The root cause of this problem lies not only in the criminal lack of funding but also the fact that many hospitals no longer have kitchens on site and instead rely on outsourced caterers to provide airline-style ready meals which are then (often badly) reheated.

So the next time you’re in hospital and wonder why your brussels sprouts are brown and the macaroni cheese could double as wallpaper paste, there’s your answer.

Indeed, so bad are some of the meals being served up that freelance journalist Mark Sparrow became a mini internet sensation after posting photographs inviting people to try and identify the food he was given during a 10-week stay in hospital. Unsurprisingly, most struggled.

If you go to the site – hospitalnotes.blogspot.co.uk – you will see why. Although be warned: the image of what he was assured was a “bacon chop” is liable to turn your stomach.

“Many hospitals do serve good food,” Sparrow notes wryly beneath the snap of the offending item. “But it’s normally in the staff canteen.”

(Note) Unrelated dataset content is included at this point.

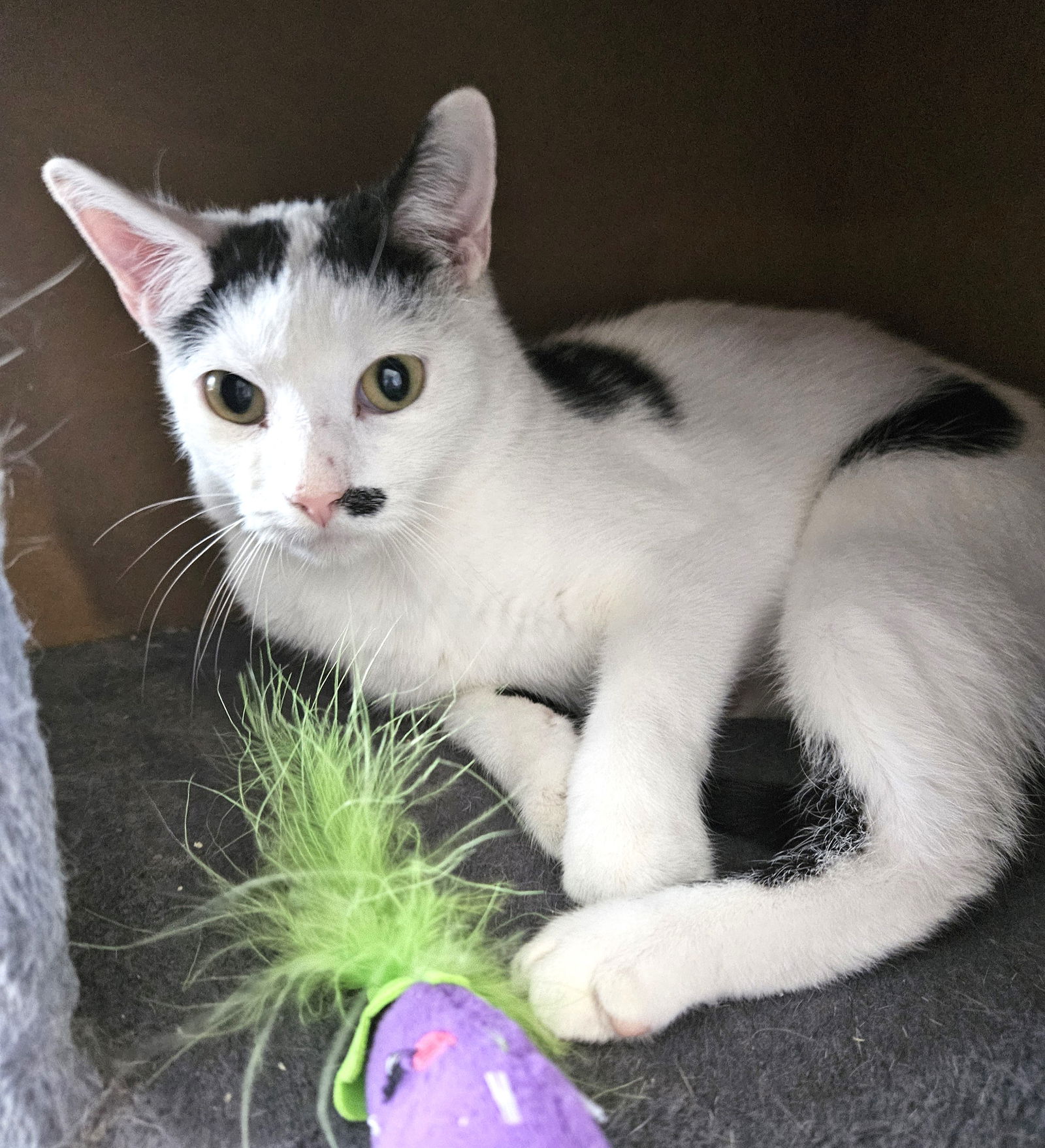 adoptable Cat in Greenfield, IN named Mayhem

He ended up making a documentary for Channel 4’s Dispatches on the subject. In it, he met young people with cystic fibrosis, whose survival depends on getting the right diet.

They told him that their parents had to take them out of hospital to local pubs and restaurants to make sure that they ate properly and obtained the necessary calorie content.

He also spoke to the relatives of elderly people who had been served revolting food and then given no help eating it. They told him that NHS staff had falsified records to show that patients had consumed meals when, in reality, the food had remained untouched.

His film triggered a petition calling on the then Secretary of State for Health, Andrew Lansley, to do something about it. Despite 4,000 people taking the trouble to sign, it didn’t even receive an acknowledgement. The man in charge of the NHS didn’t even so much as raise an eyebrow.

Of course, this isn’t a new problem. Fanfares greeted a £40m revamp of NHS menus headed by TV chef Loyd Grossman back in 2000, only to be unceremoniously ditched when he quit five years later.

The former Masterchef presenter subsequently revealed that he was continually hampered in his efforts to get healthy and tasty recipes into hospitals by a “chronic lack of common sense” and blamed the project’s failure on a lack of political willpower. Depressingly, the best part of a decade on, nothing has changed.

The Campaign for Better Hospital Food has once again called for the minimum food standards that apply to prisons, schools and civil service canteens to be extended to the NHS, yet the Government continues to resist.

Such a steadfast refusal to address this most basic of issues exposes an inability to grasp that there is something fundamentally and ludicrously wrong with a society in which the rights of convicted criminals usurp those of the ill and infirm.

Pay a visit to your local hospital and you will find it packed to the gills with elderly patients who have spent entire lifetimes dutifully paying their taxes.

Now they see these payments being swallowed up by providing hearty, nutritious meals for prisoners, while they are left to endure the unhealthy slop served up on the wards. Seriously, you couldn’t make it up.

Perhaps the only answer once you hit 65 is to enter into a life of crime. At least that way you’re guaranteed a decent and well-balanced diet with three cooked meals a day and someone keeping an eye out for you. You won’t have to worry about the cost of staying warm, either.

As for my father, I’m pleased to report he has since made a full recovery. But it was certainly no thanks to the food.